Ideas for improvement

Function getTopSortedWithSccSubgraphFrom, which is the iterative implementation of the Tarjan algorithm that performs the topological sorting of the dependency graph and finds cycles (SCCs) in the graph. In this test case, the dependency graph is trivial; it contains only isolated nodes without any edges. It seems that it can be done more efficiently.
Function parseDateTimeFromConfigFormats, which tries to parse all string data as date/time values. This test case contains no date/time values, so there might be some way of saving time by determining it quickly and avoiding running the heavy parsing operations.

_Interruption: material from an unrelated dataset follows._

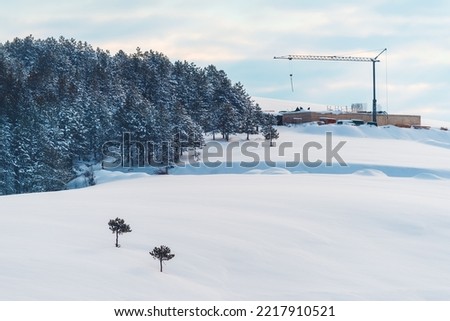 Building construction site and crane on snowcovered hill in winter at Zlatibor mountain in Serbia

This PR focuses on optimizing topological sorting of the dependency graph

I made the Tarjan algorithm more efficient by changing the data structures it uses. Initially, the information about the graph nodes was stored in maps and sets with nodes as keys:

    const entranceTime: Map<T, number> = new Map()
    const low: Map<T, number> = new Map()
    const parent: Map<T, T> = new Map()
    const inSCC: Set<T> = new Set()

My approach was to use simple arrays indexed by integer ids and keep a single array of nodes as a mapping from id to node data.

  private nodes: T[] = []

  private entranceTime: number[] = []
  private low: number[] = []
  private parent: number[] = []
  private inSCC: boolean[] = []

Results

Total time:
Before: 25923ms
After: 11160ms

Function getTopSortedWithSccSubgraphFrom:
Before: 51.6%
After: 23.1%

Profiler:
Before:

After:

Profiler: Chrome Dev Tools

Overall, I achieved the 56,02% speed-up of HyperFormula for this use-case.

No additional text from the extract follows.